Im September 2015 entschied das oberste deutsche Finanzgericht im Fall Eddy Scharf, dass Gewinne aus Pokerspiel im Einzelfall besteuerbar sind. Ein Grundsatzurteil, das für Pokerspieler in Deutschland verheerende Auswirkungen hat, auf dieser Grundlage könnten sie unter Umständen sogar wegen Steuerhinterziehung belangt werden.
Verfassungsbeschwerde könnte Rechtskraft durchbrechen
Eigentlich ist der Rechtsweg nach dem Urteil des Bundesfinanzhofes in München erschöpft, gegen das ursprüngliche Urteil des Finanzgerichts Köln war nur die Revision möglich. Eine Berufung, bei der auch neue bzw. andere Tatsachen festgestellt werden können, ist bei Urteilen von Finanzgerichten grundsätzlich nicht möglich.
Es gibt aber noch eine allerletzte Möglichkeit, die das unangenehme Urteil des Bundesfinanzhofes aus der Welt schaffen könnte:
Die Verfassungsbeschwerde beim Bundesverfassungsgericht in Karlsruhe.
Die Verfassungsbeschwerde ist ein außerordentlicher Rechtsbehelf, mit dem Personen die Verletzung ihrer Grundrechte oder grundrechtsgleichen Rechte durch Akte der Staatsgewalt geltend machen können. Eine erfolgreiche Verfassungsbeschwerde – und eben nur diese – könnte die Rechtskraft des Urteils des Bundesfinanzgerichtshofes durchbrechen.
Nur durchschnittlich 1,9 % der Verfassungsbeschwerden erfolgreich
Allerdings ist die Verfassungsbeschwerde an enge Voraussetzungen geknüpft und hat nur selten Erfolg. Laut Wikipedia hatten beispielsweise im Jahr 2009 nur 1,9 Prozent der Beschwerden in Karlsruhe Erfolg – eine ernüchternde Zahl.
Allzu große Hoffnungen darf sich Eddy Scharf also nicht machen, auch wenn wohlhabende Geschäftsleute wie beispielsweise Leon Tsoukernik, der Boss des King's Casino in Rozvadov, ihm bereits finanzielle Hilfe zugesichert haben.

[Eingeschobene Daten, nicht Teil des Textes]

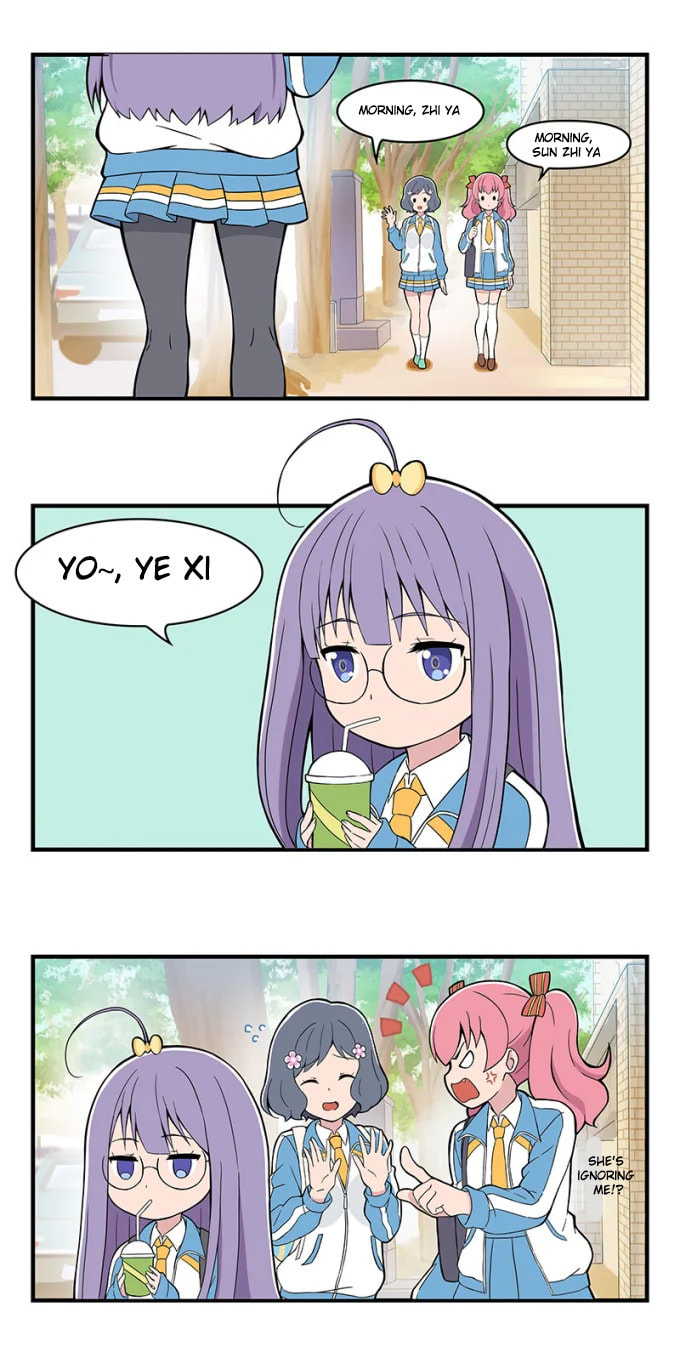 Hūhuàn Shàonǚ Chapter 1 page 4 -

Voraussetzungen der Verfassungsbeschwerde
Die Verfassungsbeschwerde muss zunächst zulässig sein, sie kann grundsätzlich von jedem in Deutschland lebenden Menschen erhoben werden, der sich in seinen Grundrechten selbst, gegenwärtig und unmittelbar verletzt fühlt.
Die Verfassungsbeschwerde dient nur dem Schutz der im Grundgesetz enthaltenen Grundrechte sowie der die in Artikel 93 Absatz 1 Nr. 4a GG genannten Rechte aus den Artikel 20 Absatz 4, Art. 33, Art. 38 GG und der sogenannten Prozessgrundrechte der Artikel 101, 103 und 104 GG. Scharf müsste also geltend machen, in einem solchen Grundrecht verletzt zu sein.
Weiter gilt der Grundsatz der Subsidiarität, also die Erschöpfung des Rechtswegs. Dies ist im Fall Scharf zu bejahen, da der – im Bereich Steuern ohnehin recht kurze – Weg durch die Instanzen ausgeschöpft ist. Beim Bundesfinanzhof ist bei Steuersachen bekanntlich Endstation.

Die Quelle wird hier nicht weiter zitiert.